老屋没了往日的喧嚣和热闹,无论白天还是夜晚它都在沉睡。它比大和院过早的多了一丝消沉。偶有不经世事的老鼠漫无目的穿梭,发出的声响也是悄无声息。
奶奶和老爹养过的老猫,起先还在老屋里养儿育女不知老主人走远,苦苦等待了一段时间。直到某天我推开半截的大门,再也不见了这个没良心的东西探头,和我一样带着它的儿女躲到远远的新家。
老鼠没了顾虑,反倒没了曾经的灵活,见到我逃跑的脚步都是颠三倒四。一对勉强光溜的死眼睛发出暗淡的光,压根就没把我当个危险的主。则歪着脑袋露出藐视的神情。
不禁暗自羞愧,活着的人还不如个老鼠长情。
只有风儿摇醒老屋的时候,这里才出现难得的喧哗。老屋用残缺的身体助兴,忘乎所以地发出清脆的声响。叫听着人儿不忍。很容易又叫人联想到建房时木柱和横梁在木匠手中对接时发出的声响。这么多年过去了,有关老屋建房时的热闹场景其实也从不曾远去。
老爹离开我们不久,就有不少人打着细小的算盘。说是想要重金购买这块地皮,都被我一一回绝。他们购买的目的,无非是把老屋拆掉重新建房。我不想老屋在人为的干涉中像大和院一样消失不见,情愿任由它在自我风化中得到一个善待。无论它能坚持多久,我都不会心急。
随着时间的推移,曾经的孩童已入中年,新屋也变成了老宅。许多事物总在悄无声息地变化着,每一跨步都暴露出物是人非窒息的荒凉,有醒悟也有执迷。

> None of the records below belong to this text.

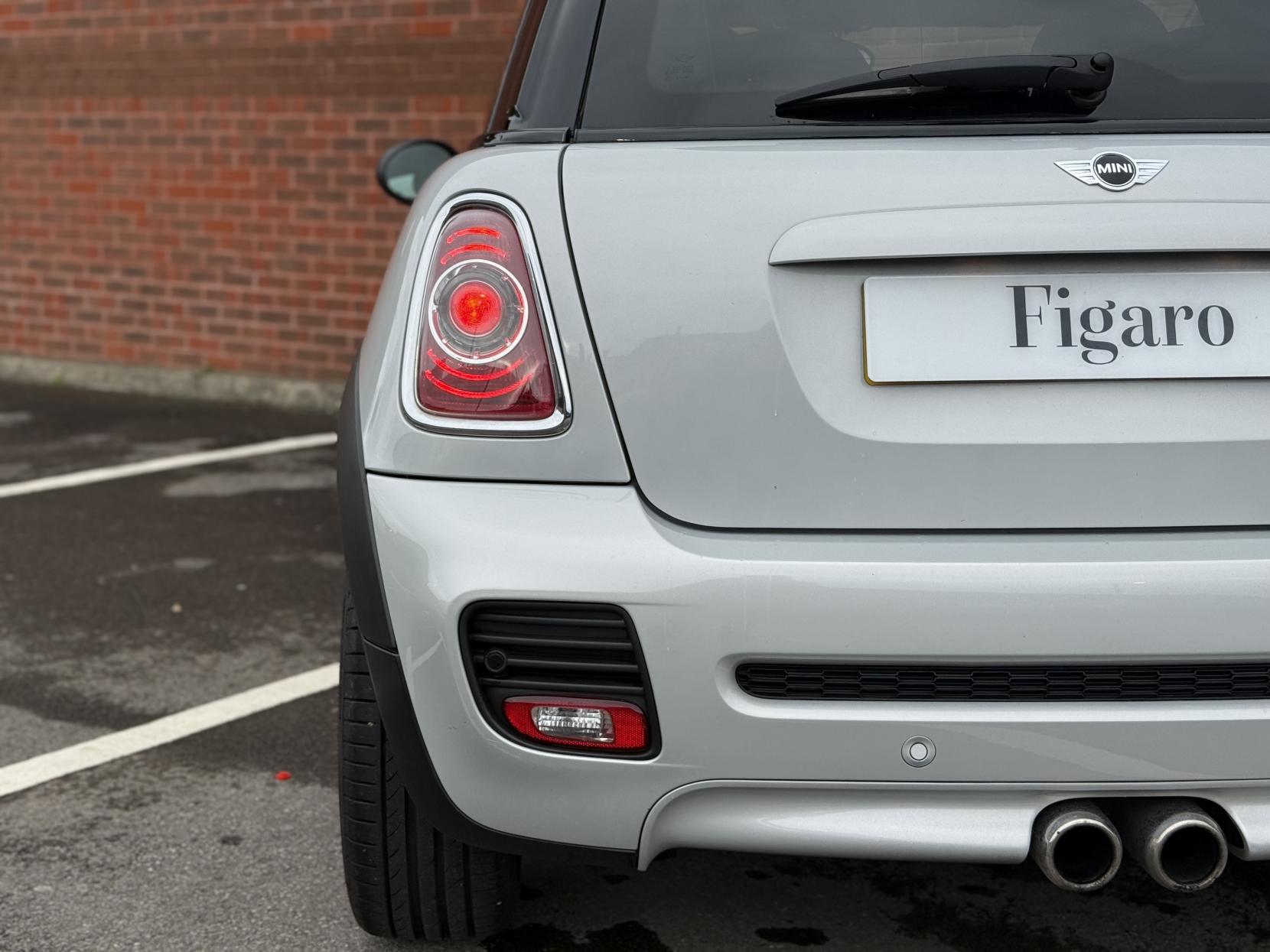 MINI Hatch 1.6 Cooper S Hatchback 3dr Petrol Manual Euro 5 (s/s) (184 ps)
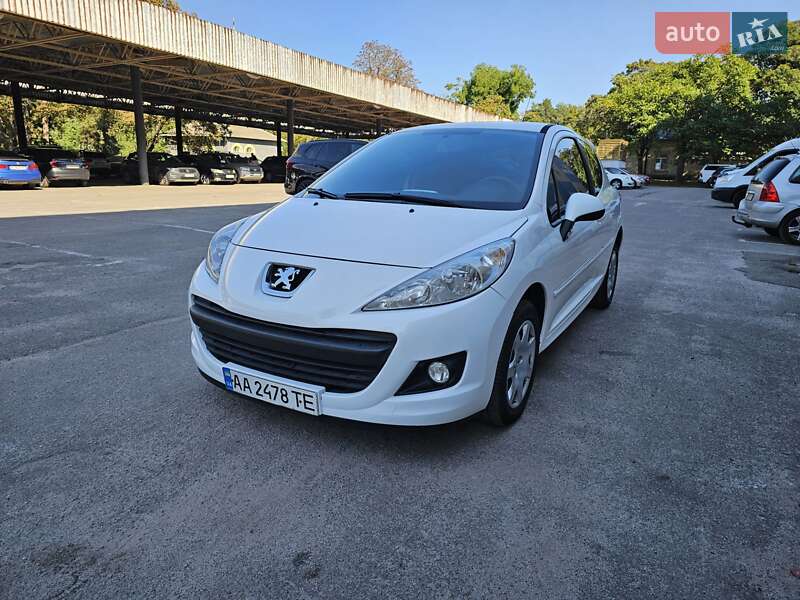 Хэтчбек Peugeot 207 2011 в Киеве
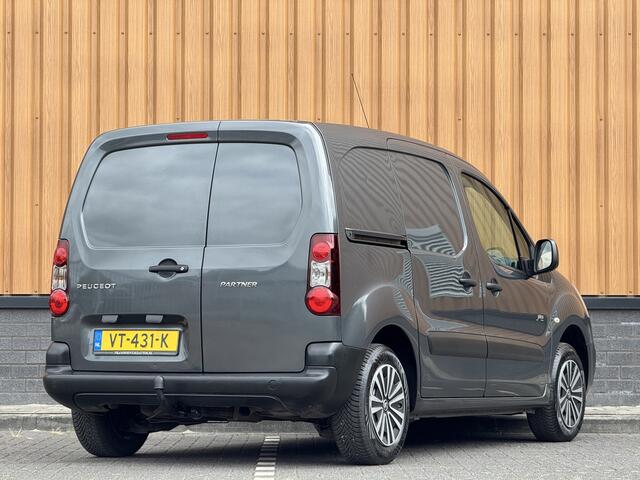 Peugeot PARTNER 120 1.6 HDi 75 L1 XR | 1e Eigenaar | 3 Persoons | Airconditioning | Parrot | Trekhaak | Elektrische Ramen | Elektrische Spiegels | USB | AUX |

人,总是避免不了许多拥有在意外中悄然离去而无法把握。也习惯无意义的徒劳,而又纠结过往死死不肯放手。用病态的方式保留执念和青春同归。如果给我一个重来的时光,我会彻底翻新过往。不像现在像忐忑遥望一座远征的独桥,把良知和愧疚丢进河流来缅怀一场不可再相见的别离。